Currently, the code is not available on Github, as it is still very chaotic and only little commented. I will revise it and publish it there.
The project consists of 3 parts:
- Data basis
- Twitter data
- Artificial neural network
The data basis
The Rijksmuseum offers a public API that can be used after registration. With this interface to the metadata of the art collection I was able to download the titles and descriptions of all paintings with a python script. Unfortunately there were rather too few English descriptions to get a large data base. In total there were only about 4.000 words. So I was not sure if the artificial neural network could recognize enough structures in it.
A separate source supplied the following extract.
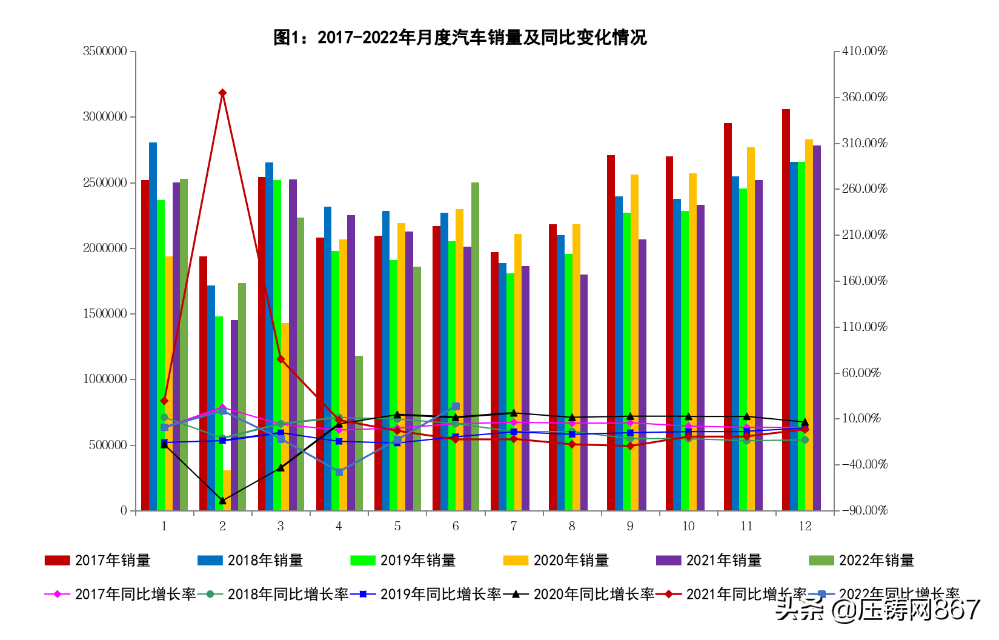 「行业数据」2022年6月汽车工业经济运行情况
For a beta version it was enough, but I plan to extend the data base with titles and descriptions of other museums.
The finished data basis is now a text file with such contents:
=== Woman Reading a Letter === by Johannes Vermeer
In a quiet, private moment, a young woman stands, engrossed in reading a letter. It is morning, and she is still wearing her blue nightrobe. All the other colours are subordinate to its radiant lapis lazuli; yellow and red hardly make an appearance. Vermeer rendered the different effects of the cool light precisely. For example, he was the first artist to try soft grey for flesh, and to paint the shadows on the wall light blue.
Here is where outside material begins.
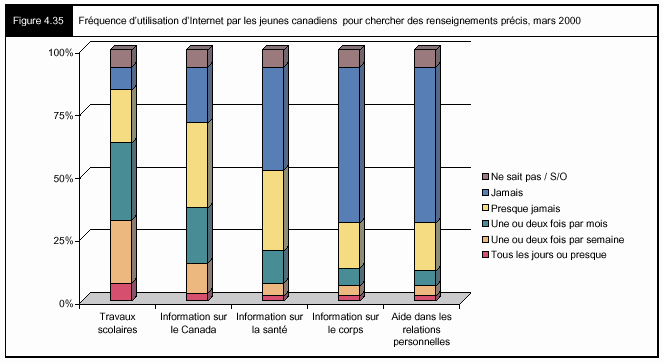 Figure 4.35 - Fréquence d'utilisation d'Internet par les jeunes canadiens pour chercher des renseignements précis, mars 2000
The title is delimited with ===, the artist with „by“ to create a structure that is different from the description. You can already see the later problem here: The descriptions are longer than 280 characters. So later I have to shorten the artificially generated results. I do this by concatenating sentences until the number of characters would exceed 280. So mostly only the beginning is weathered.
The Twitter data
To be able to give the titles of the artwork in your tweets to the network as input, I use the Twitter API (and Tweepy). With it I can read the tweets for #DescribeMyArt and distinguish the twitter handle from the tweet and also delete the hashtag, because it’s not part of the title. The whole thing happens every 15 minutes and in a tiny database, I compare the latest tweet with the second last one to know if there is a new tweet from you. If there is the neural net starts, if not the script simply aborts and waits 15min for a new attempt.
The artificial neural network
Open AI’s GPT2 network is one of the best neural networks for Natural Language Processing, i.e. the processing of non-structured data such as words. I work with a small version and the module of Buzzfeed’s Chief Data Scientist, Max Woolf, called gpt2_simple, which makes it „very easy“ to start a tensorflow session and fine-tune the neural network with the new data base. Since there are so few words, I tried it once with 8 sessions (quasi run through), but the generated texts were not good enough. Now I’m using 50 sessions and I think the results are quite good — but I’d like to extend the data base and the number of sessions later.
I let the training take place directly on a virtual machine in the Google Cloud, because the finished script must also run there. This worked well, because I could already set up similar projects there.
The fully trained network is now stored in the cloud and starts every 15 minutes to generate new descriptions — matching your titles — of which I can only twitter a fraction (because of the 280 character limit of Twitter).
The descriptions therefore often seem half-finished — but that can’t be changed on Twitter — and many of the „short“ results work quite well. But of course you should not expect perfect descriptions! One time a description even came out in korean — I HAVE NO IDEA WHY. But without such coincidences it would be only half as exciting.